January continues National Mentoring Month, with the 26th being set aside as “Thank Your Mentor Day.” I encourage you to think about the mentors you have had to this point in your career. They may be old bosses with whom you keep in touch. They may be coaches, teachers, or professors who inspired you. Find an opportunity to thank your mentors for what they have meant to you.
When I work with formal mentoring programs, I find that feedback from protégés to mentors is often lacking. As a result, protégés are often much more satisfied with mentoring than the mentors are. I call this the “feedback gap”. The protégé knows how she has benefitted from mentoring because she sees it firsthand. Her mentor, on the other hand, may have no idea what is (or isn’t) working for the protégé. To close the gap, I tell protégés that they should not just express appreciation; they should tell their mentors what impact they have had.
There are lots of ways to thank your mentors.

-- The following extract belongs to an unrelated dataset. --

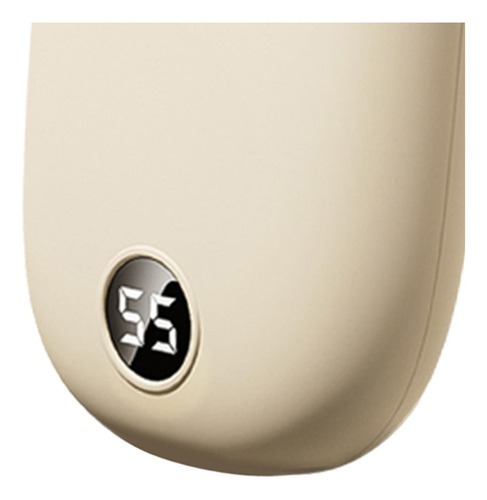 Mini Calentador De Manos Calentador Eléctrico Beige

You can send them a quick e-mail letting them know what you’ve been up to lately. Better yet, send a hand written note expressing your appreciation. Even better, schedule a lunch to catch up and share what you’ve gotten from their mentoring (there is a nice Harvard Business Review blog post on thanking people that I encourage you to check out). You might even thank some of your mentors through a blog post, like this:
- Dave Munz, who shepherded me through Saint Louis University’s doctoral program and helped me make decisions about my career along the way.
- Jerry Katz, who gave me good advice about both teaching and consulting.
- Bob Vecchiotti, who encouraged me during the early years of my consulting and helped me figure out what I was doing.
- Marvin McMillan, who was a great role model at Laclede Gas and encouraged me to go back to graduate school.
- Bro. Eugene Feld, my junior and senior year calculus teacher who challenged me to raise my academic game.
- Rich Nemanick and Coke Hennessy, my parents, both of whom were small business owners for their examples, their encouragement, and their love.
I appreciate all of the mentoring and guidance I have received, and I know I’m not done learning yet. The list will continue to grow through the years. What does your list look like?